Sparrow, Famed For Hit Third-Party Email Clients For iOS And Mac, Acquired By Google
Sparrow, the creator of those very popular iOS and OS X applications, has just been acquired by Google, in a move which will certainly raise more than a few eyebrows. Sparrow has dedicated its existence on making some altogether great apps for Apple’s platforms, but it is the Big G that has decided to swoop for the start-up, and Sparrow will now join the Gmail team to "accomplish a bigger vision."
As is always the case with acquisitions, most of the details remain a mystery at this point in time, but with Facebook having spent a billion on acquiring Instagram’s app-based company, don’t be surprised if Google has paid big bucks for one of the widely-renowned e-mail client developer.

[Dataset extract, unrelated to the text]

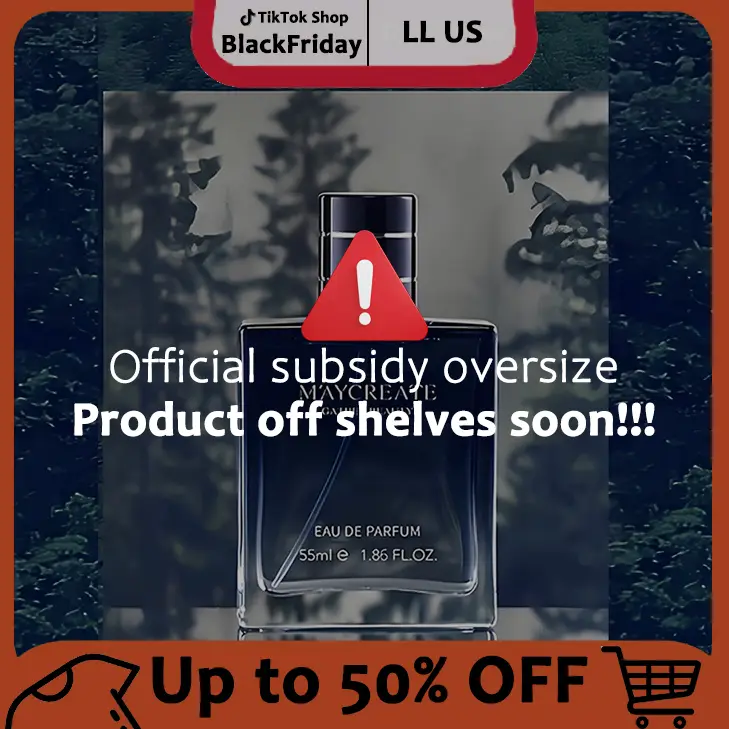 TikTokShopfalldealsforyou Eau de Toilette for Men (1 per box)|Apple, Woody Cedar, Mimosa|Travel size, a long-lasting everyday fragrance that is both s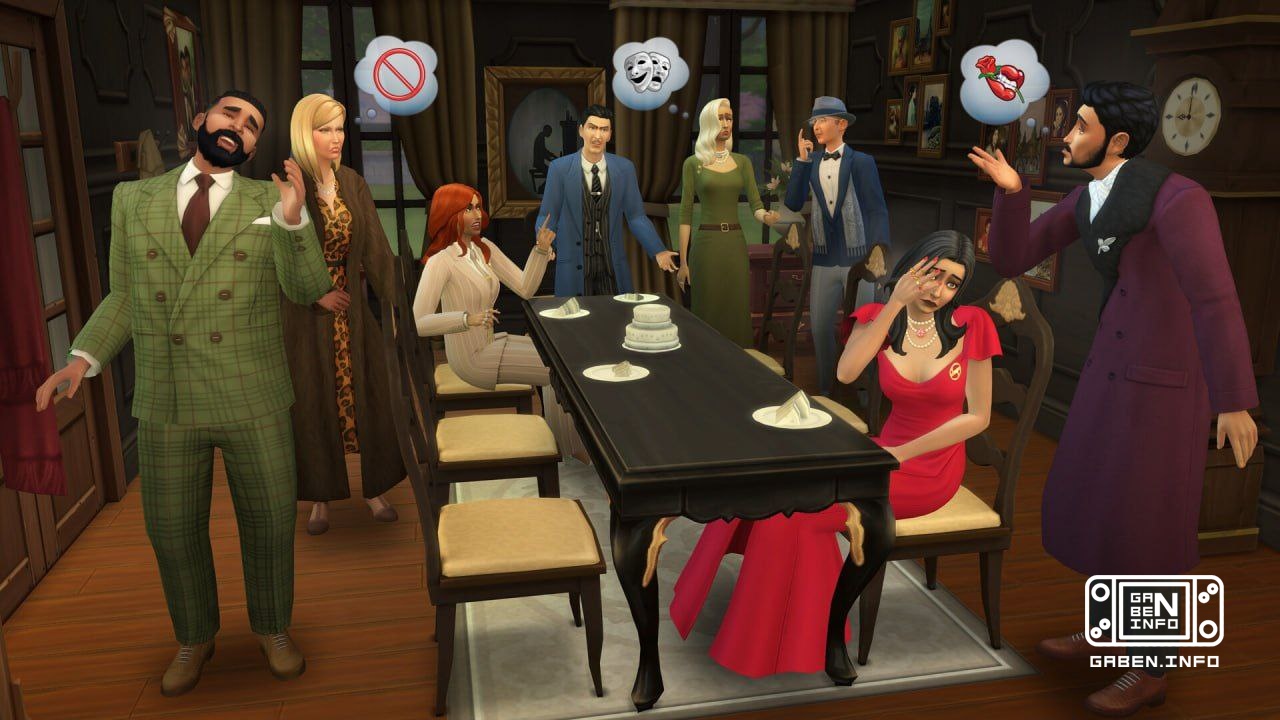 A new DLC has been released for The Sims 4 - Royalty and Legacy. With it, the game added the ability to create your own ...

Much like the Instagram deal, in which both Facebook and its new purchase promised the legion of users that the photo snap/sharing app would not lose its identity, Sparrow has offered both reassurance and a little disappointment to the current users of its e-mail clients. As part of its statement on the matter, the company noted:
We will continue to make available our existing products, and we will provide support and critical updates to our users. However, as we’ll be busy with new projects at Google, we do not plan to release new features for the Sparrow apps.
Google also seemed equally excited about about its latest buy, praising the Sparrow team as always putting users first, while building "seamlessly simple and intuitive interface for their email client." Be that as it may, it is still rather strange Google has decided to purchase a company focused almost wholly on Apple’s platform. If anything, we would perhaps have expected Apple to move in for the kill, and although the Cupertino hasn’t exactly lost out in any way, this buy will do little to ease tensions between the two rivals.
As a user of Sparrow on the Mac, I must admit I’m a little disheartened by all of this. The next stage will almost certainly see Sparrow for Android, while judging from the company’s statement, the iOS and OS X apps look as though they’ll be hung out to dry.